Le guerre non finiscono con le tregue e neppure con gli armistizi, ancor di meno con la sconfitta degli avversari. Le guerre sono viaggi che non sono semplici spostamenti. Non sono itinerari affascinanti, ma toccano l’anima. Non sono i luoghi, spesso, gli autentici latori della guerra, ma è un terribile vagare errante tra l’anima impaurita e il paesaggio. Sembrava volermi raccontare questo nonno Luigi, ex partigiano combattente del sud Italia, ex deportato, ex prigioniero. Un superstite, uno dei pochi, della Seconda Guerra Mondiale. Uno dei pochi dell’affondamento della Sinfra. Mi è tornato in mente questo ricordo, per cui ti racconto la storia di un affondamento dimenticato.

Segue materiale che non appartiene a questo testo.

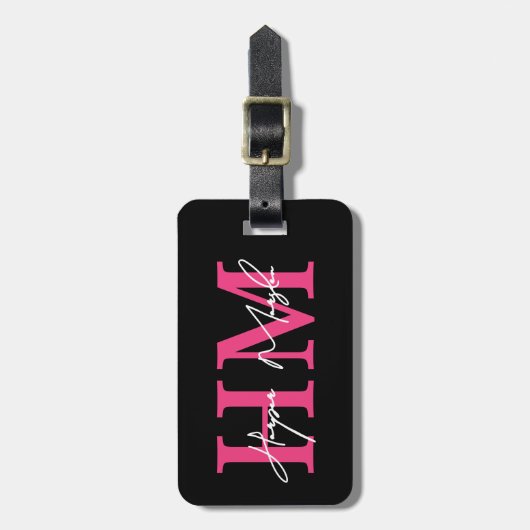 Hot Pink Black Girly Monogram Naam Bagagelabel (Voorkant verticaal)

Un uomo che aveva visto troppo, che negli occhi esprimeva tutto il suo dolore probabilmente somatizzato. E chissenefrega del fatto che fosse stato insignito dal presidente della Repubblica… Nel suo cuore c’era il tormento. Ricordi tridimensionali sovrapposti tra loro, schiacciati in una piccola scatola cranica. Questo lo aiutava a stupirsi e a meravigliarsi per cose semplici. Diverso era quando la curiosità del nipote (io) cercava di scavare in un’armatura invisibile e impenetrabile che non riusciva a dismettere. Non amava parlare, non gli faceva piacere raccontare. Non voleva ricordare, perché non poteva dimenticare.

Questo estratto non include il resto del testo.